* EXERCISE REQUIREMENTS *
What you write must match, character for character, the lines from the one with "ZKI 20L Digital" down to the one with "Novas chuteiras masculinas" in the listing below, minus its pictures.

* SUPPLIED INFORMATION *
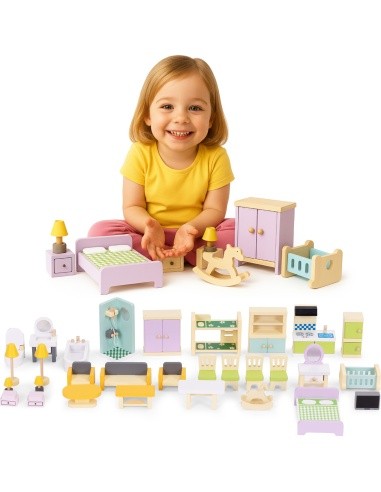 Wooden doll house furniture accessories set of 30 pieces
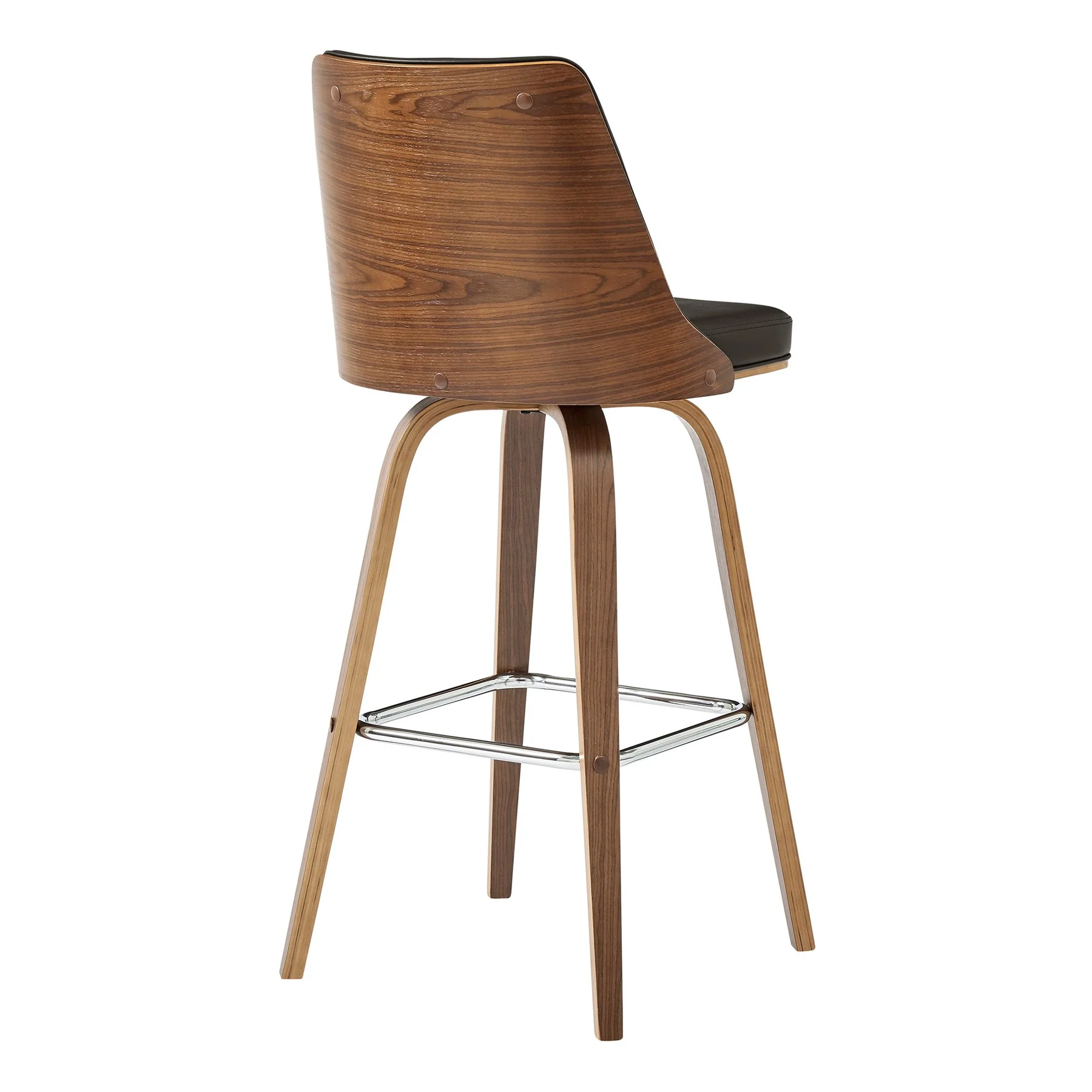 Nolte 30" Swivel Bar Stool in Brown Faux Leather and Walnut Wood - Image 4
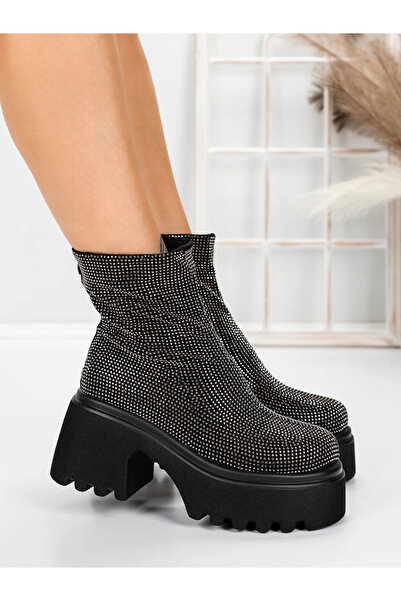 mei Women's Platform Boots 5WL77 Black-Guncolor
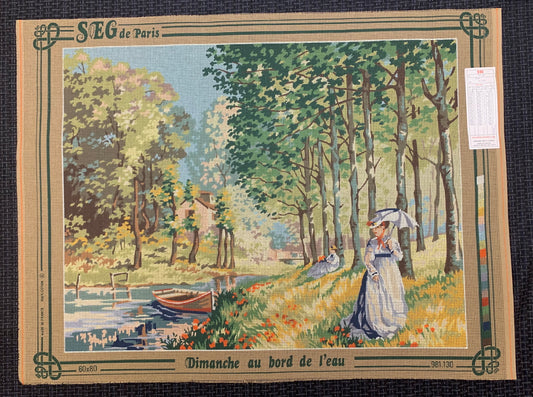 Petit point: "Dimanche au bord de l'eau" SEG DMC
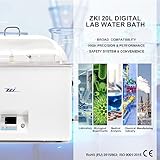 ZKI 20L Digital Lab Water Bath, 110V/1500W, ±0.2℃ Accuracy & 0.1℃ Resolution, Durable Stainless Steel Tank with 14 Integrated Heating Modules, 7-Piece Accessory Kit for Smooth Laboratory Workflow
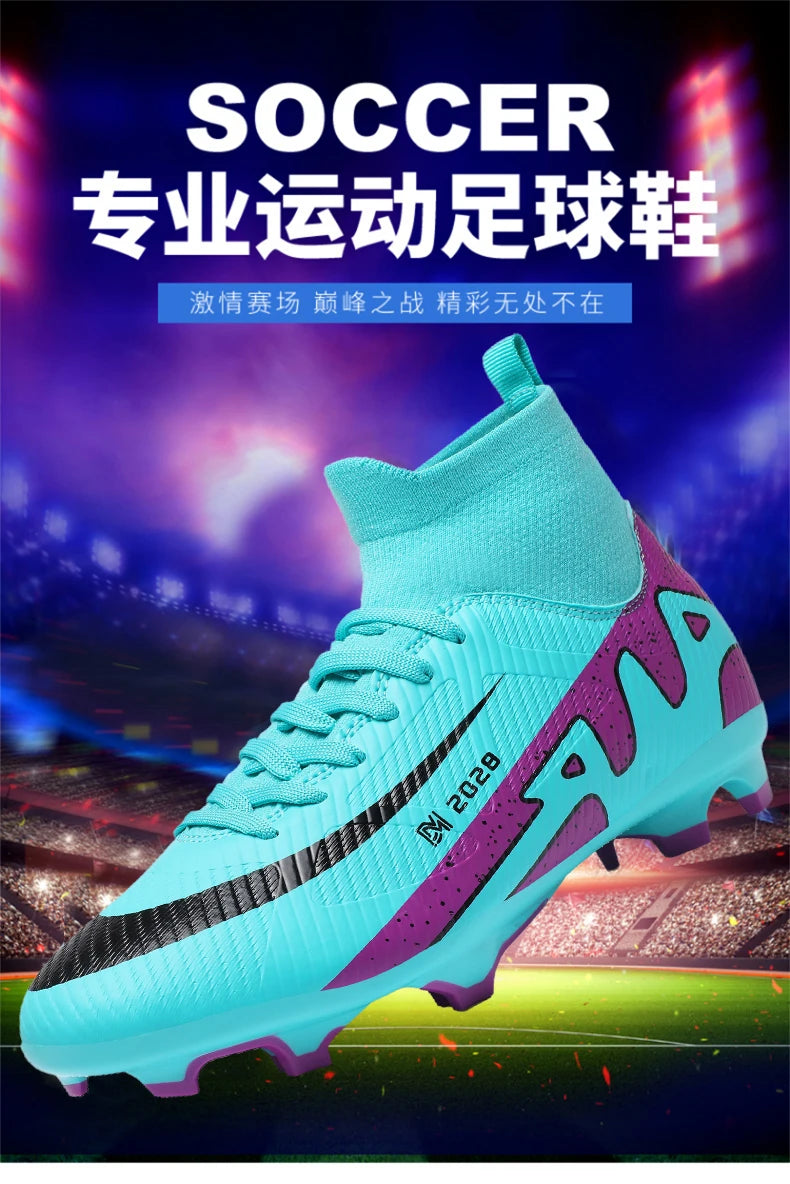 Novas chuteiras masculinas de futebol, chuteiras de futebol rápido, chuteiras de campo de futebol profissional, tênis originais para meninos de futsal TF/FG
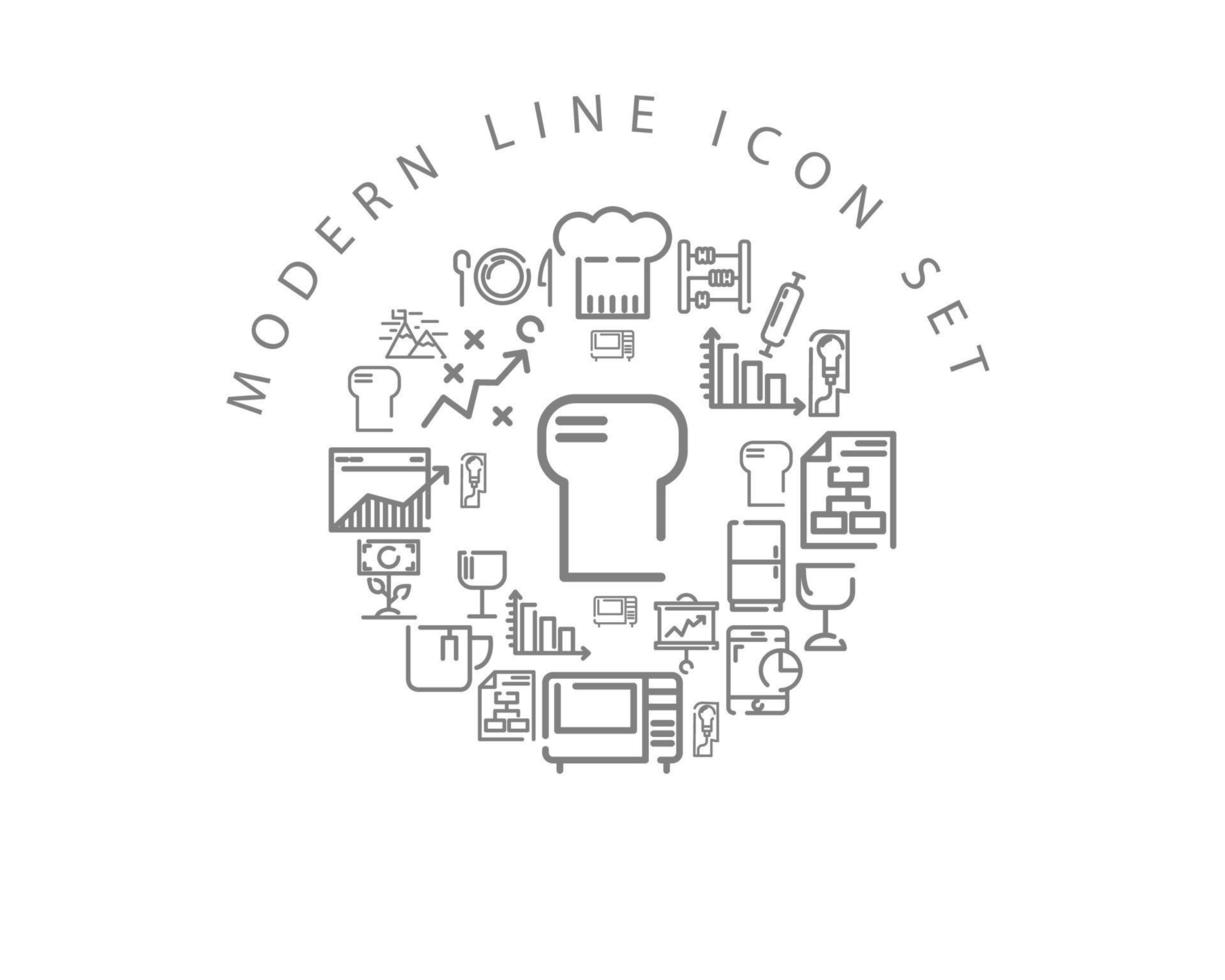 Modern line icon set design on white background icon set design on white background vector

* SOLUTION FOR THIS EXERCISE *
 ZKI 20L Digital Lab Water Bath, 110V/1500W, ±0.2℃ Accuracy & 0.1℃ Resolution, Durable Stainless Steel Tank with 14 Integrated Heating Modules, 7-Piece Accessory Kit for Smooth Laboratory Workflow
 Novas chuteiras masculinas de futebol, chuteiras de futebol rápido, chuteiras de campo de futebol profissional, tênis originais para meninos de futsal TF/FG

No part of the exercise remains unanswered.